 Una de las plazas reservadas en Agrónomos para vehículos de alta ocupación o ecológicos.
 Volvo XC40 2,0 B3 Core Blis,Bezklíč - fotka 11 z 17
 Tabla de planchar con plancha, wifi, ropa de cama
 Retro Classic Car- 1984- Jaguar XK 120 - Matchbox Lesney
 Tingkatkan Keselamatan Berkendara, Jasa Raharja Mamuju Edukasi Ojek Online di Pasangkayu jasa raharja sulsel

— GOAL OF THE EXERCISE —
Write down only the closing run of lines: the one containing "Volvo XC40 2,0" and every line after it to the end of the entries, exactly.

— WRITTEN RESPONSE —
 Volvo XC40 2,0 B3 Core Blis,Bezklíč - fotka 11 z 17
 Tabla de planchar con plancha, wifi, ropa de cama
 Retro Classic Car- 1984- Jaguar XK 120 - Matchbox Lesney
 Tingkatkan Keselamatan Berkendara, Jasa Raharja Mamuju Edukasi Ojek Online di Pasangkayu jasa raharja sulsel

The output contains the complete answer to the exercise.